Pacelli at signing of Reichskonkordat, Rome, July 20, 1933

Above: Vatican Secretary of State Eugenio Pacelli (seated, center) at the signing of the Reichs­kon­kordat (treaty with Ger­man Reich) on July 20, 1933, in Rome. Seated to Pacelli’s right is Hitler’s vice-chan­cel­lor, Franz von Papen. Between 1933 and 1939 Pa­celli issued dozens of pro­test vio­lations of the Reichs­kon­kordat, which he had hoped would pro­tect the rights of Catho­lics under the new Ger­man govern­ment of Adolf Hitler. Pacelli’s actions as sec­re­tary of state and later as Pius XII have gen­erated con­tro­versy, par­tic­u­larly on the sub­ject of the Holo­caust. An entire library of books has been built either defending his papacy or taking him to task. His detractors have accused him of every­thing from anti-Semi­tism to col­luding with the Nazis (“Hitler’s pope”). Others claim the Catho­lic Church did more than any other reli­gious body to save Jewish lives, occa­sion­ally through the pope’s per­sonal inter­ven­tion; e.g., when Pius XII in­structed papal diplo­mats to aid per­se­cuted Jews in occu­pied nations, contri­buted money to aid des­per­ate Jews, opened Catho­lic facil­ities in the Vati­can and in other parts of Rome and Italy to shelter thou­sands of Jews from the Nazis, and gave direct face-to-face orders to protect Jews from the Nazis.

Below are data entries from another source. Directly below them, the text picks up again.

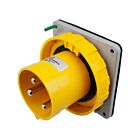 Techspan SCM360B4W 60A Jaune Socle de connecteur à broches et manchon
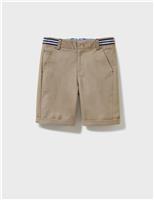 Crew Clothing Cotton Rich Chino Shorts (3-9 Yrs) Beige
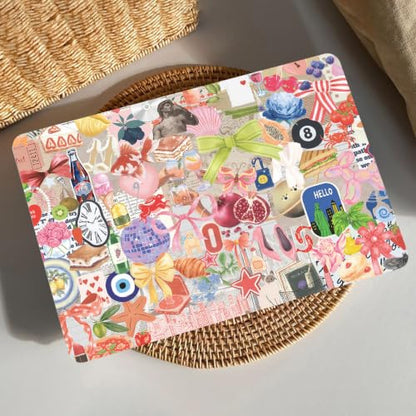 AKIT for MacBook Air 13 inch Case M5 M4 M3 M2 2026-2022, Diverse Collage | A3449 A3240 A3113 A2681,Funny Unique Pattern Hard Shell Laptop Case+Screen Protector+Keyboard Cover for MacBook Air 13.6 inch - color: Diverse Collages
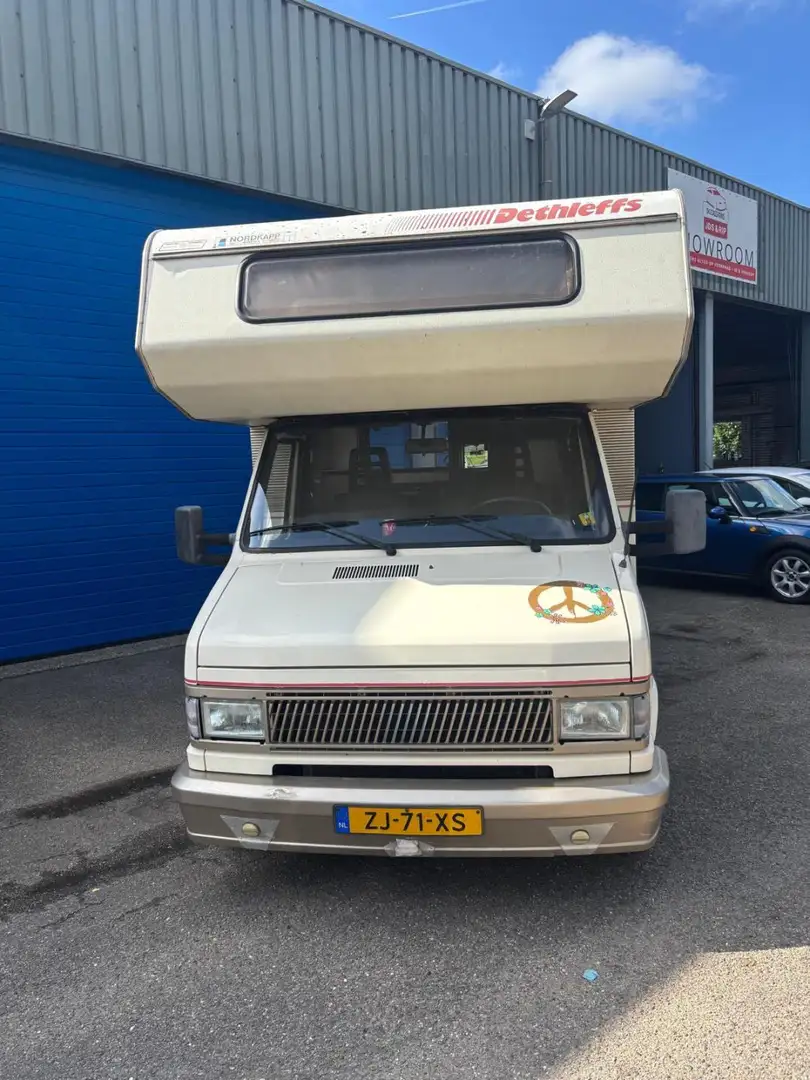 Fiat 290 MA 7 KAMPEERAUTO Beige - 2
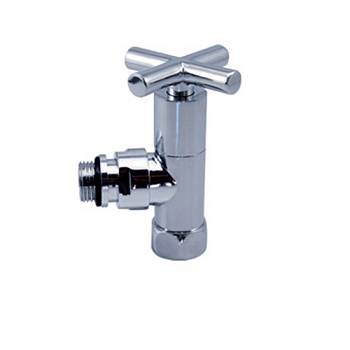 Кран угловой для полотенцесушителя 1/2M(Н)*3/4F(В) " (крест) (VIEIR)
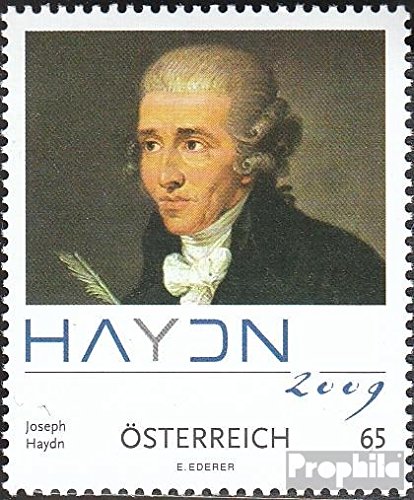 Prophila Collection Österreich 2799 (kompl.Ausg.) postfrisch ** MNH 2009 Joseph Haydn (Briefmarken für Sammler) Musik/Tanz von Prophila Collection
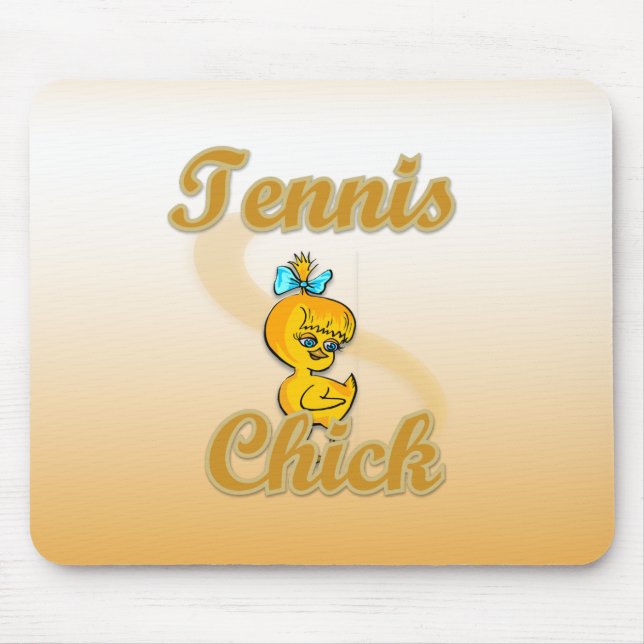 Tennis  Chick Mouse Pad (Front)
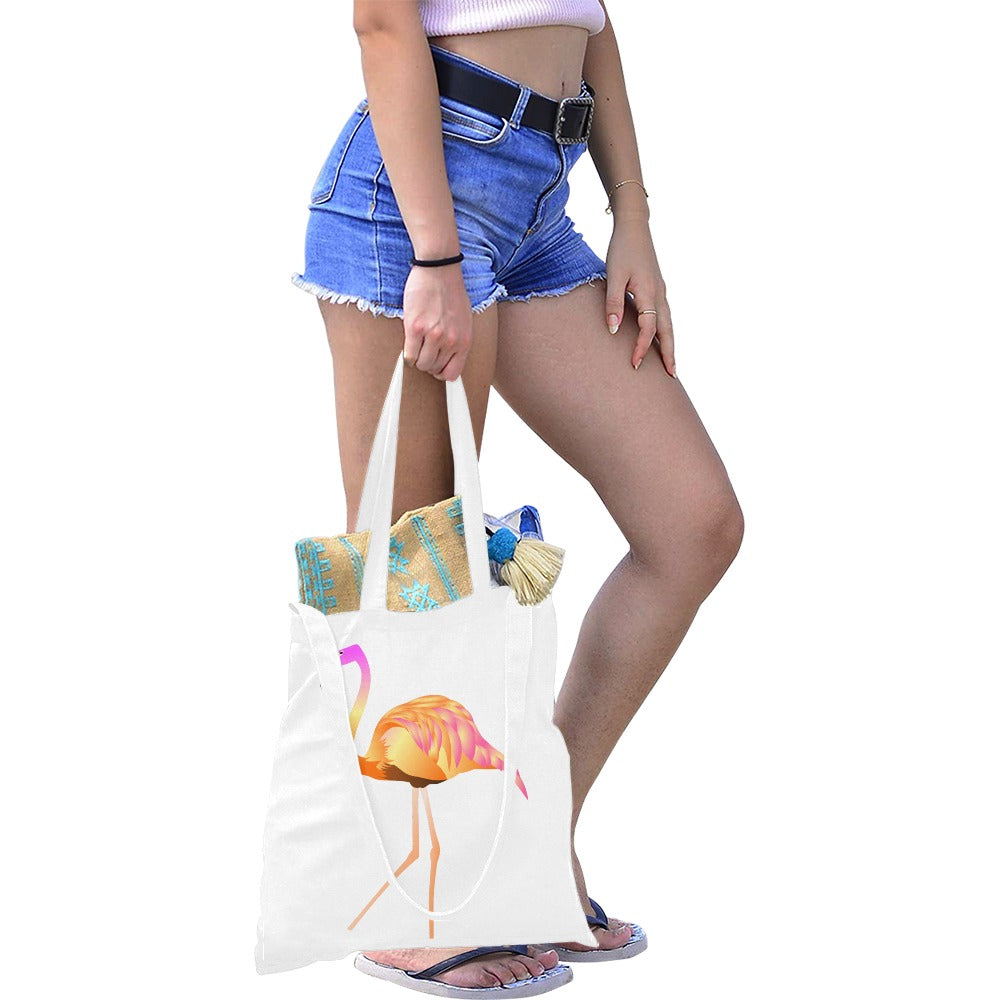 Pink Flamingo 2 Canvas Tote Bag - The Cool Collective AU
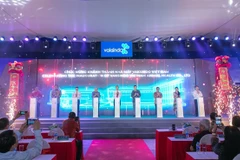 The inauguration ceremony for the Vaksindo Vietnam veterinary vaccine factory. (Photo: VNA)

Pacelli, Germany 1922Pacelli's coronation, March 12, 1939

Left: Pacelli, Apostolic Nuncio (ambassador) to Bavaria (1917–1925), is seen paying a visit to a group of bishops in 1922. Pacelli was simultaneously Apostolic Nuncio to Germany (1920–1930).

Right: Pope Pius XII on his day of coronation, March 12, 1939. Pacelli (1876–1958) took the same papal name as his predecessor, a title used exclusively by Italian popes. When Pacelli was elected pope, the Nazi regime registered strong pro­tests and called Pius XII the “Jewish Pope” because of his ear­lier con­dem­nation of German race laws.